Pre-Therapeutic VEGF Level in Plasma Is a Prognostic Bio-Marker in Head and Neck Squamous Cell Carcinoma (HNSCC)

Julia Siemert; Theresa Wald; Marlen Kolb; Isolde Pettinella; Ulrike Böhm; Markus Pirlich; Susanne Wiegand; Andreas Dietz; Gunnar Wichmann

doi:10.3390/cancers13153781

Pre-Therapeutic VEGF Level in Plasma Is a Prognostic Bio-Marker in Head and Neck Squamous Cell Carcinoma (HNSCC)
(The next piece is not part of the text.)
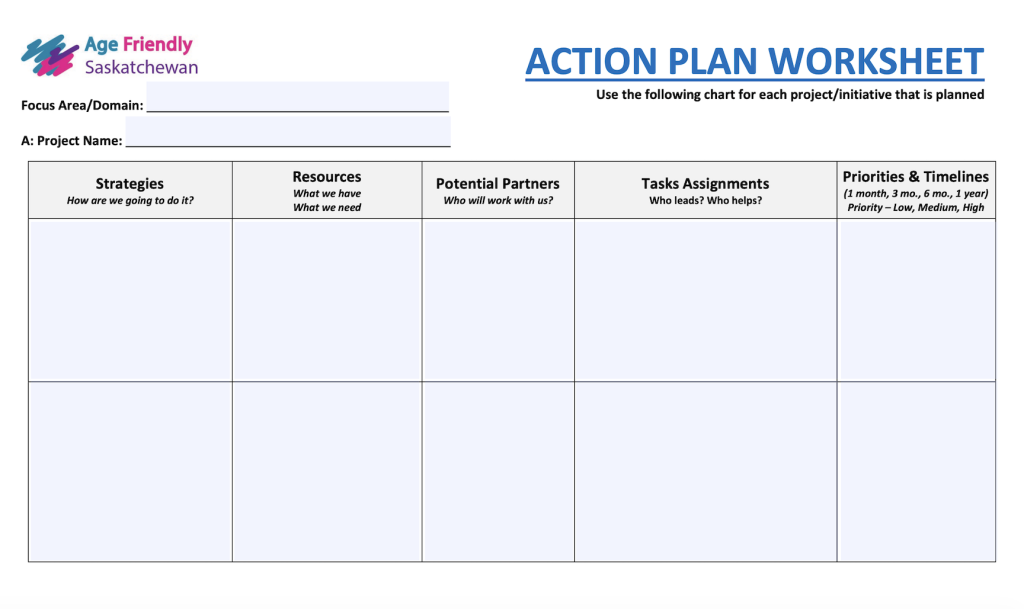 Action Plan Worksheet - Age Friendly Saskatchewan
Cancers (Basel). 2021 Jul 27;13(15):3781. doi: 10.3390/cancers13153781.

Authors

Julia Siemert¹, Theresa Wald¹, Marlen Kolb¹, Isolde Pettinella¹, Ulrike Böhm¹, Markus Pirlich¹, Susanne Wiegand¹, Andreas Dietz¹, Gunnar Wichmann¹

Affiliation

¹ Department of Otorhinolaryngology, Head and Neck Surgery, University Hospital Leipzig, Liebigstr, 10-14, 04103 Leipzig, Germany.

Abstract

Vascular endothelial growth factor (VEGF) is centrally involved in cancer angiogenesis. We hypothesized that pre-therapeutic VEGF levels in serum and plasma differ in their potential as biomarkers for outcomes in head and neck squamous cell carcinoma (HNSCC) patients. As prospectively defined in the study protocols of TRANSCAN-DietINT and NICEI-CIH, we measured VEGF in pretreatment serum and plasma of 75 HNSCC test cohort (TC) patients. We analyzed the prognostic value of VEGF concentrations in serum (VEGF_Serum) and plasma (VEGF_Plasma) for event-free survival (EFS) utilizing receiver-operating characteristics (ROC). Mean VEGF concentrations in plasma (34.6, 95% CI 26.0-43.3 ng/L) were significantly lower (p = 3.35 × 10^-18) than in serum (214.8, 95% CI 179.6-250.0 ng/L) but, based on ROC (area under the curve, AUC_Plasma = 0.707, 95% CI 0.573-0.840; p = 0.006 versus AUC_Serum = 0.665, 95% CI 0.528-0.801; p = 0.030), superiorly correlated with event-free survival (EFS) of TC patients. Youden indices revealed optimum binary classification with VEGF_Plasma 26 ng/L and VEGF_Serum 264 ng/L. Kaplan-Meier plots demonstrated superiority of VEGF_Plasma in discriminating patients regarding outcome. Patients with VEGF_Plasma < 26 ng/L had superior nodal (NC), local (LC) and loco-regional control (LRC) leading to significant prolonged progression-free survival (PFS) and EFS. We successfully validated VEGF_Plasma according the cut-off <26 ng/L as predictive for superior outcome in an independent validation cohort (iVC) of 104 HNSCC patients from the studies DeLOS-II and LIFE and found better outcomes including prolonged tumor-specific (TSS) and overall survival (OS). Outcomes in TC and iVC combined again was related to VEGF_Plasma, and multivariate Cox regression revealed that VEGF_Plasma was an independent outcome predictor. In HNSCC, pre-therapeutic VEGF_Plasma is prognostic for outcomes.

Keywords: angiogenesis; anti-angiogenesis; biomarker validation; head and neck cancer (HNC); head and neck squamous cell carcinoma (HNSCC); multivariate Cox proportional hazard regression; outcome research; prognostic biomarker; survival; vascular endothelial growth factor (VEGF).